- _TASK TO CARRY OUT_
Although the data below contains pictures, output only the lines between those holding "2017 Toyota Corolla l" and "new 2025 Ford", inclusive, exactly and without those pictures.

- _THE INPUT_
[Start of Attachment]

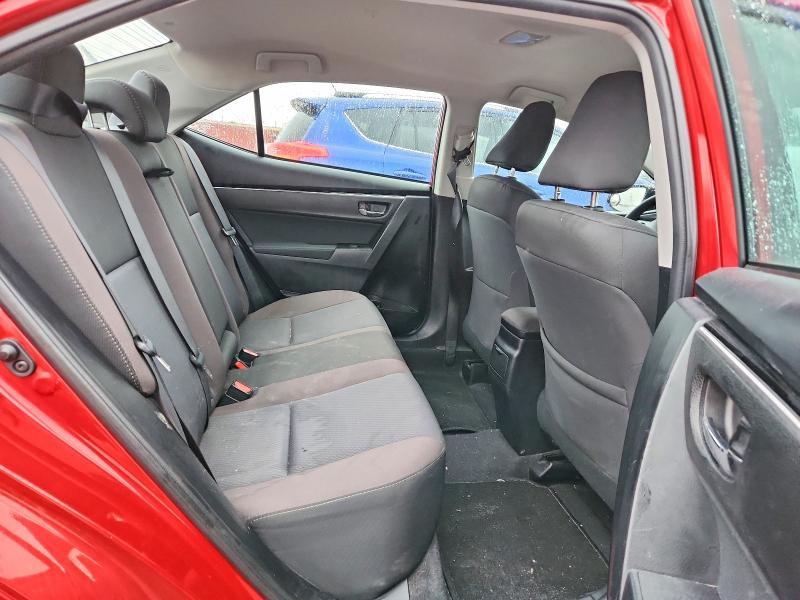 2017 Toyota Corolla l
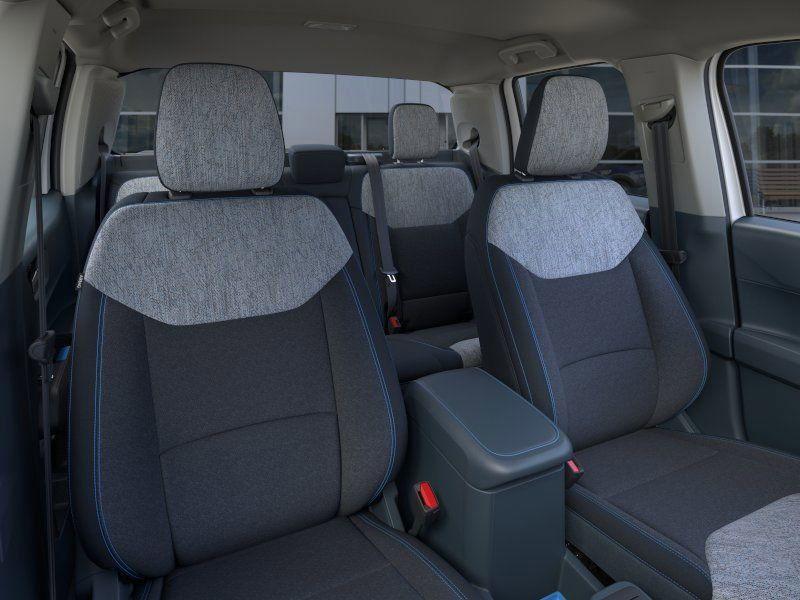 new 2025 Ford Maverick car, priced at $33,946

[End of Attachment]
[Start of Attachment]

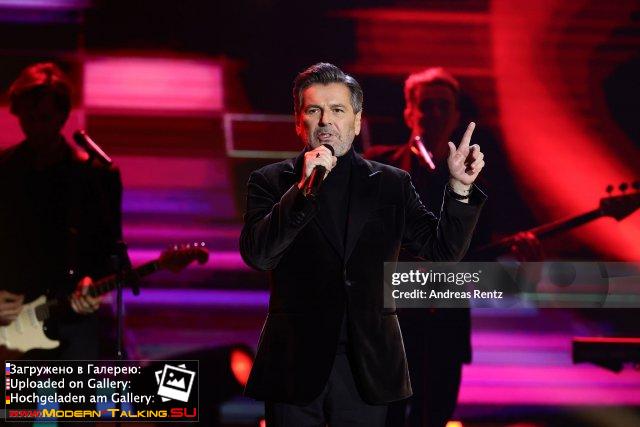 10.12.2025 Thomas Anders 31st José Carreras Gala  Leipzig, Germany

[End of Attachment]
[Start of Attachment]

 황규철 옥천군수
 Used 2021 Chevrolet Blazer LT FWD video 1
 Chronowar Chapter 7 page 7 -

[End of Attachment]

- _TASK SOLUTION_
 2017 Toyota Corolla l
 new 2025 Ford Maverick car, priced at $33,946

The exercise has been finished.